Thursday, February 12, 2009

Happiness And Suffering

Bertrand Russell has said he would not like to go to heaven, where only happiness abounds. How can you know happiness without knowing suffering? How can you know health without knowing sickness? Where you have everything just by wishing for it, there cannot be any joy in having it.

The joy of having something comes from the length of time you have been wanting it, expecting it. Happiness really lies in the expectation. So once you achieve it, it loses its charm for you. Every happiness is imaginary: so long as you don't possess it, it seems to be abounding happiness. But as soon as it is actualized, it ceases to be happiness; our hands are as empty as before. And then we seek some other object for our desire, and we begin to expect it again. We feel so unhappy without it and imagine that happiness will come with it.

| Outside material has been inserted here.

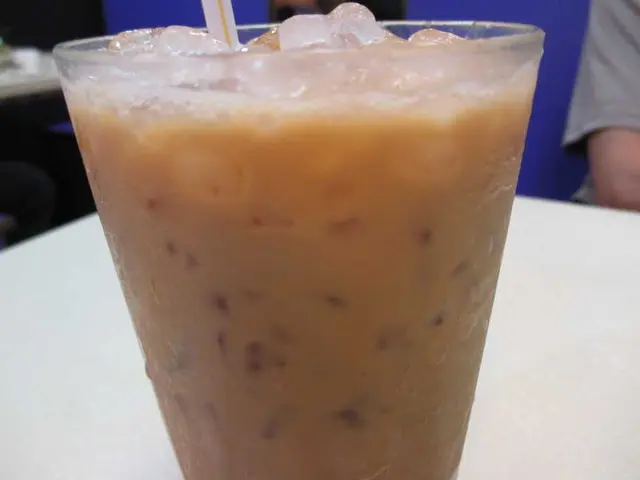 杯凍飲太多碎冰。杯凍茶比D凍搞到無哂奶茶味。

Rothschild was one of America's multi-millionaires. There is a story about him, and I don't know if it is true or not. He was on his deathbed, and he said to his son, "You have seen from my life that I made millions and they didn't make me really happy, they didn't bring happiness with them. Do you see that wealth is not happiness?"

His son said, "It is true, as I learned from your life, that wealth is not happiness, but I also learned from your life that if one has wealth, one can have the suffering of his choice; one can choose between one suffering and another. And this freedom of choice is beautiful. I know that you were never happy, but you always chose your own kind of suffering. A poor man does not have this freedom, this choice; his suffering is determined by circumstances. Except this, there is no difference between a rich man and a poor man in the matter of suffering. A poor man has to suffer with a woman who comes his way as his wife, but the rich man can afford women with whom he wants to suffer. And this choice is not an insignificant happiness."

If you examine it deeply, you will find that happiness and suffering are two aspects of the same thing, two sides of the same coin, or, perhaps, they are different densities of the same phenomenon.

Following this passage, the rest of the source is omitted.